Définitions du mot « banlieusard, banlieusarde »

Trésor de la Langue Française informatisé

BANLIEUSARD, ARDE, subst.

Fam. Habitant de la banlieue d'une grande ville, particulièrement de la banlieue parisienne :
1. La rue de Rennes. Sept heures. Une cohue tumultueuse : la ruée des banlieusards vers la gare Montparnasse. R. Martin du Gard, Jean Barois,1913, p. 251.
Emploi adj., péj. Propre à la banlieue, qui rappelle la banlieue, avec l'infériorité que cela implique. Aspect banlieusard (T'Serstevens, L'Itinéraire espagnol, 1933, p. 183); mes villes banlieusardes (Lar. encyclop.) :
2. Je fais le tour de cette foire et je peux me croire dans une banlieue de Paris, Montrouge ou Saint-Denis, avec cette différence que le goujatisme est encore plus horrible, me semble-t-il, en langue danoise. Peut-être aussi le putanat banlieusard est-il surpassé. Bloy, Journal,1900, p. 398.
3. Ainsi la familiarité s'installe à la porte même de la grandeur, et les Parisiens apportent au centre de leur ville, dans le palais même de leur roi, une sorte de laisser-aller banlieusard, les dimanches de Robinson, la gaieté populaire. Brasillach, Pierre Corneille,1938, p. 392.
1reattest. 1900 adj. (supra ex. 2); dér. de banlieue*, suff. -ard* élargi sur le modèle de gueux/gueusard (Nyrop t. 3, p. 91). [bɑ ̃ljøza:ʀ], fém. [-aʀd]. Fréq. abs. littér. : 6.
BBG. − Dauzat Ling. fr. 1946, p. 30.

banlieusard, -

Wiktionnaire

Adjectif

banlieusard \bɑ̃.ljø.zaʁ\ masculin

  1. Relatif à la banlieue ou à ses habitants.

Nom commun

banlieusard \bɑ̃.ljø.zaʁ\ masculin (pour une femme on dit : banlieusarde)
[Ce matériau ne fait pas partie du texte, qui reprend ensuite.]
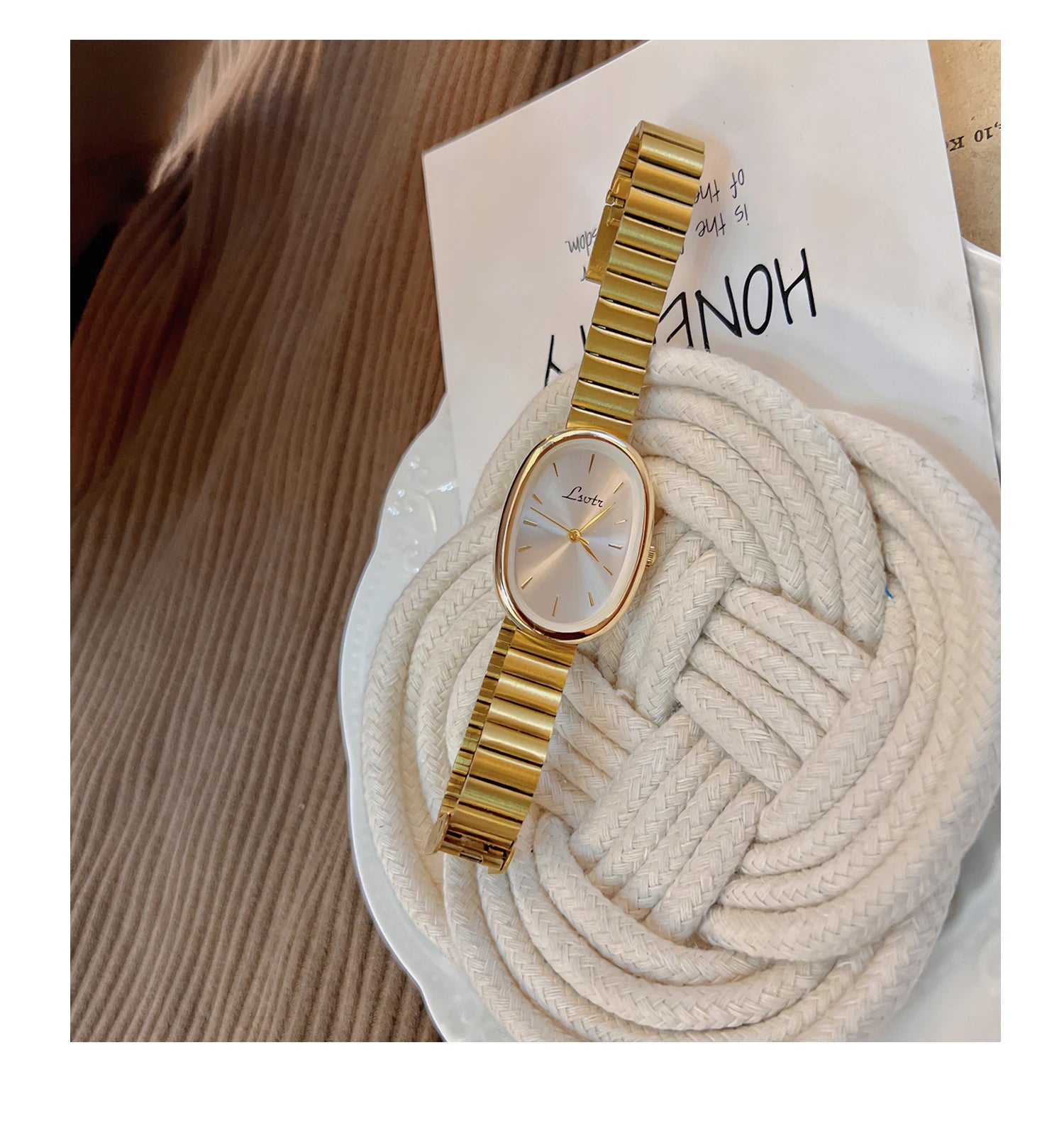 Fashionable Women's Watch With Gold Bracelet, Vintage & Elegant Luxury Style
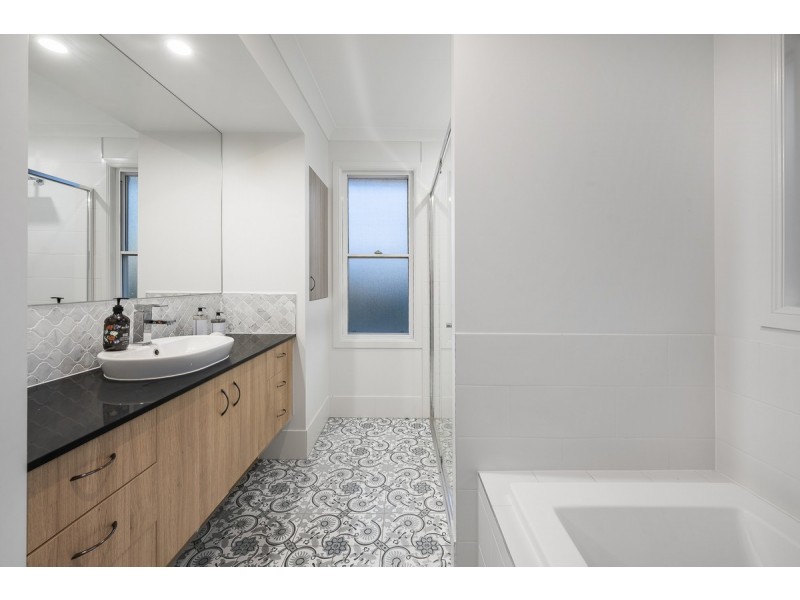 101 Hawken Drive, St Lucia QLD 4067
  1. Habitant d’une banlieue de ville.
    • Plus précisément, 3 % des actifs de la Région sont des banlieusards qui rejoignent Paris en automobile, et 9 % sont des banlieusards qui rejoignent Paris en chemin de fer de banlieue ou en RER. — (Christian Gerondeau, Les transports en France : quelques vérités bonnes à dire, 1994)
    • En passant, Baudrillard associe les décadents ayant voté Non à la Constitution européenne aux banlieusards qui niquent leur mère. — (Michel Onfray, La lueur des orages désirés, chap. 7 : Racaille, Kärcher et philosophie, éd. Grasset, 2007)

Nom commun

banlieusarde \bɑ̃.ljø.zaʁd\ féminin (pour un homme on dit : banlieusard)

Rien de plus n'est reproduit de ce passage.